To build the updated wheel, the SCAA invited professional coffee tasters and sensory scientists from the University of California, Davis to participate in the final construction phase by organizing flavors. These volunteers categorized items in the sensory lexicon by flavor categories and subcategories. Then, a program completed the items by creating a "similarity matrix," which was then simplified into the new flavor wheel, with colors and all.
How Does It Work?
The items on the flavor wheel are not grabbed out of thin air, nor are they wishful thinking. They are recorded flavors that coffee professionals and sensory scientists can identify.
To use this powerful tool, brew some fresh coffee and start from the center of the wheel. As you become more familiar with the coffee you're sipping, consider the broader flavors you might taste. Is it earthy and nutty, floral and sweet? These general observations can help you narrow down your search, even if you're not very confident in your diagnosis.
As you continue to identify more flavors, you naturally move toward the edge of the wheel and get more specific descriptions.

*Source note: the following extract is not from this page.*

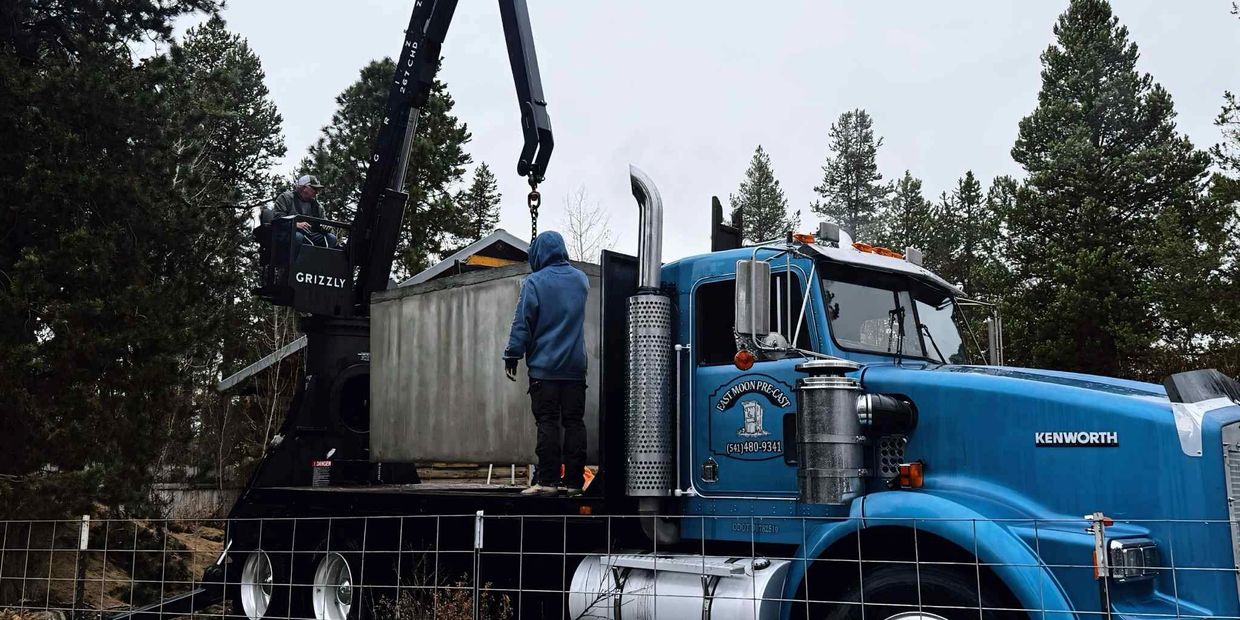 A blue Kenworth truck with a crane lifting a concrete structure in a forested area.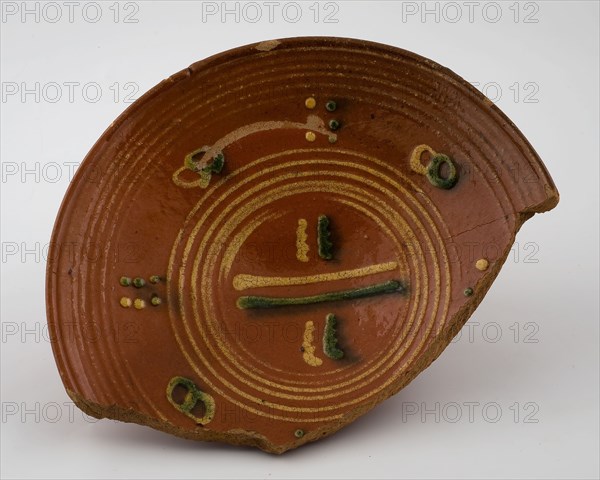 Red earthenware plate with simple silt decor of circles and stripes in yellow and green, plate dish crockery holder soil find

This is the purpose of the Wheel, to allow anyone to enter the coffee tasting stage without formal training or complex processes.
To take your tasting journey to the next level, open the sensory lexicon and perform tests related to identified flavor attributes to see if they match. If it's not exactly the same but not completely different, it might be very close and should remain in the same category and color as your initial guess to find a closer match. If the coffee attribute and the item in the lexicon taste the same, then you've completed the task of both tools.
Taste More
To understand and use the new flavor wheel, the most important thing anyone can do is taste coffee. Pour-over coffee reveals more flavors, whether brewed in the morning or during a special visit to a coffee shop, you can consider the flavors and aromas of the coffee. Soon after, you will naturally taste coffee and understand its flavor components.